We predict that more extroverted individuals will be less affected by issues of audience size compared to those who are more introverted, given extroverts’ willingness to take social risks for “Sensation Seeking” (a personality trait strongly linked with extroversion, e.g., Eysenck, 1990). Accordingly, extroversion has been found to negatively correlate with stage fright (Steptoe et al., 1995). We also measure trait anxiety levels (day-to-day anxiety levels; Rowland and Van Lankveld, 2019) given that trait anxiety has also been implicated in determining levels of stage fright.
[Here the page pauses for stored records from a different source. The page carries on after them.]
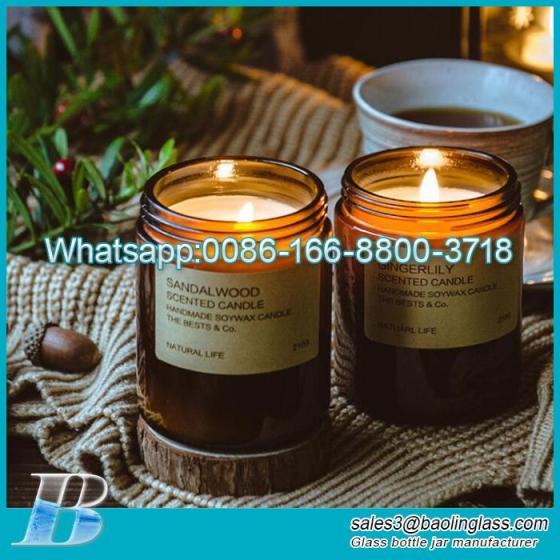 Custom 100ml 250ml Glass Candle Jar Luxury Amber Empty with T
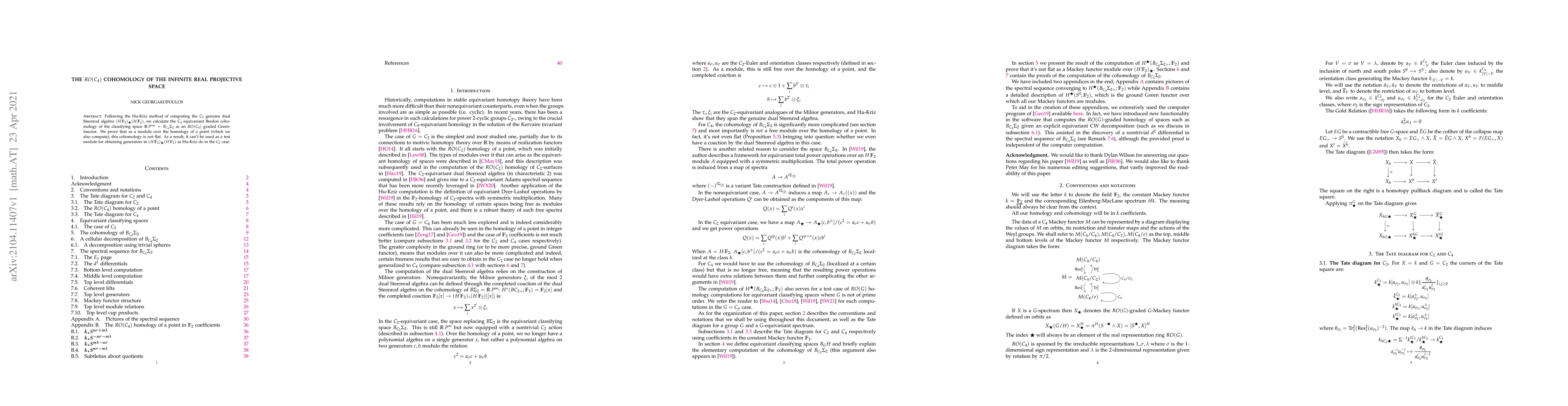 Thumbnail for The $RO(C_4)$ cohomology of the infinite real projective space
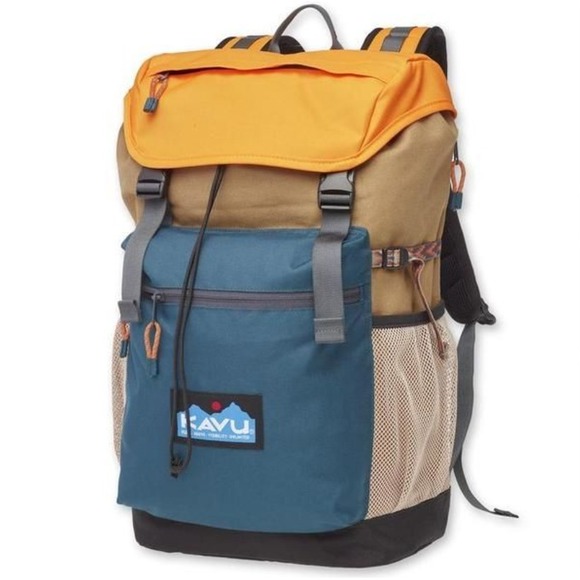 Kavu Handbags - Kavu Timaru Backpack Colorblock Hiking Travel Canvas Bag Rucksack One Size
In Experiment 1 we conduct an online study to assess whether indeed audience size, number of peers, trait anxiety and degree of extroversion impact upon anxiety levels and people’s Willingness to Try VR in a public VR experience scenario. Several other issues are also explored here, including whether the presence of a monitor showing one’s VR performance influences people’s judgements on this task. Experiment 2 is observational in nature, extending the findings of Experiment 1 to a real-world scenario. Here, participants could opt to take part in a real VR experience in front of others and with peers. Here we assess anxiety levels and Willingness to Try VR before participation.
2 Experiment 1
We adopted a similar task to Experiment 1 of Jackson and Latané (1981) in that participants were shown images of situations of VR users trying VR sometimes in front of an audience and sometimes with peers. The participants were then queried as to their state anxiety levels (Beatty and Payne, 1983) and Willingness to Try, in terms of the imagined context where they were offered the opportunity to take part in a VR experience. Two additional questions, fleshed out below, assessed the effects of the presence (vs. absence) of a VR monitor screen and the presence of a lab-coated (vs. non-lab-coated) helper. Both of these investigations were exploratory in nature.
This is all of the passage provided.